Jess: This soup didn’t quite come together as the recipe intended. I thought I had fennel seeds; while I like black licorice, I don’t like fennel much, and I had this memory of having a spice in the cupboard that always makes me think “ick.” So I didn’t buy any. I had to buy sumac online, and I meant to go back to Sprouts to look for baby gem lettuce, but I forgot. I forgot to stop by the community garden for fresh dill, and there was no hope for nasturtium leaves (we’re in the United States!) or pea shoots (too late in the summer).
The recipe says to spread out the fennel seeds and strips of lemon zest on an oven tray and dry-roast in the oven. After taking every spice out of the cupboard, I discovered I had fenugreek (no help at all) and anise, which the Great Google informed me wasn’t really the same thing. So I spread out about a quarter measurement of anise seeds (versus the fennel I was supposed to have) and the lemon. At the prescribed time, some of the lemon had dried almost to burning, and some was still shiny and damp. The wet zest refused to be ground in the mortar, so I ended up popping the mixture back into the oven three times to finish drying the lemon. Nothing in the recipe says whether it’s going to turn brown or not, so I had no idea if that was okay. I also had no way to keep it from turning brown, so that’s what ended up in the food: a mixture of anise seeds, ground-up dried brown lemon peel, and sumac.

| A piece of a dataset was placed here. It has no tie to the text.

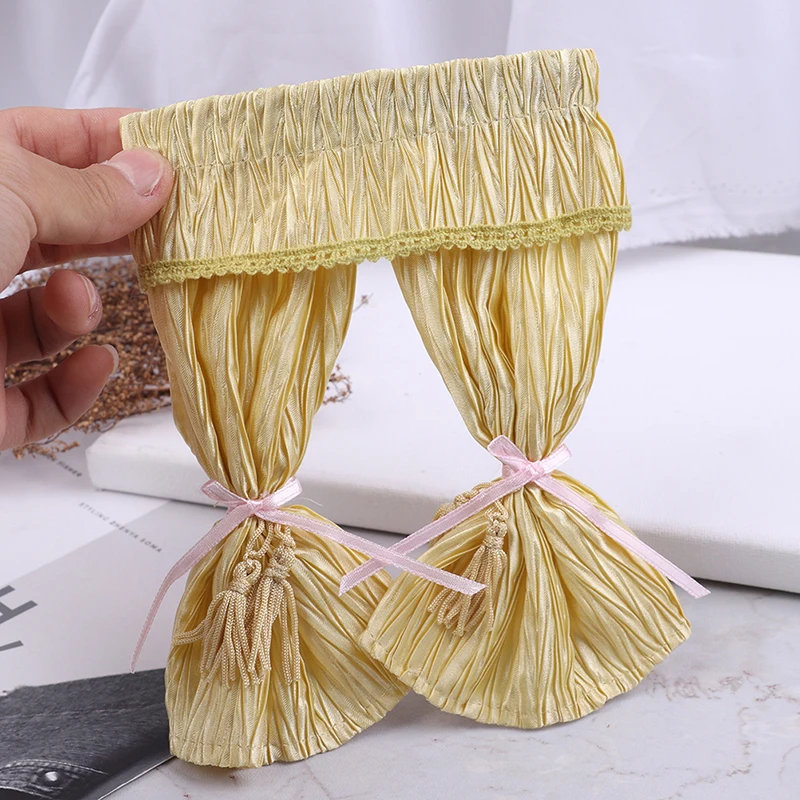 Симпатичные миниатюрные хлопковые занавески в виде сетки и кружева для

Basically, you spread salmon fillets with mustard and the aforementioned spice mixture and cook them. I bought frozen fillets because they’re cheaper, and we don’t like fish well enough to splurge. (Though the kids and I do sometimes eat salmon on Dave’s golf nights.) The recipe called for leaving the salmon soft and dark pink in the middle, but we like ours the consistency of tuna, so I cooked the fillets longer than recommended.
While the salmon is cooking, you cook orzo in boiling water and then tip it into hot chicken stock. While both those things are cooking, you toss the baby gem lettuce and dill in olive oil and sea salt. When you’re ready to serve everything, you put the salmon in the orzo broth and top it all with the lettuce and nasturtium leaves. I made the little salad with baby mixed greens (I left out all the purple stuff, since gem lettuce must be green), olive oil, salt, and dried dill.

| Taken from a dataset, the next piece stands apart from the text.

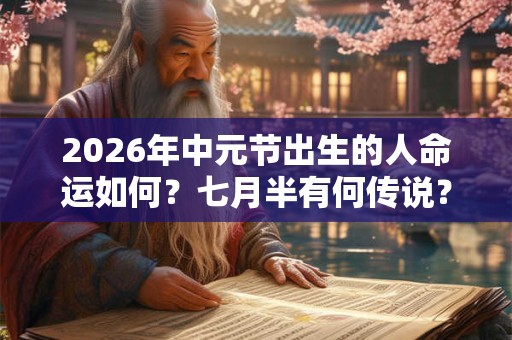 2026年中元节出生的人命运如何？七月半有何传说？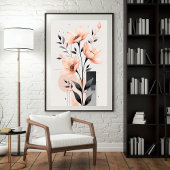 Minimale Bloom-geometrie Poster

In the end, it was pretty good! I don’t cook with salt, so the broth needed lots of added salt. No one else wanted salad in their soup, but the oily, salty bitterness of the lettuce really added flavor to the soup, which was pretty bland without it. Both kids asked for seconds! Frankly, this would be a very fast meal without the fussy topping for the salmon. It was tasty, but I think you could approximate it with mustard, lemon pepper, and sumac (once you buy a whole bag of the stuff). I only tasted the anise once—I don’t know if that’s because I used so little or because it was overwhelmed by other flavors.
Something strikes me as odd about chicken soup with fish, but I’ll say it again—the oily, salty salad really complimented the soup. I’d eat this again, but I might tinker with it a bit.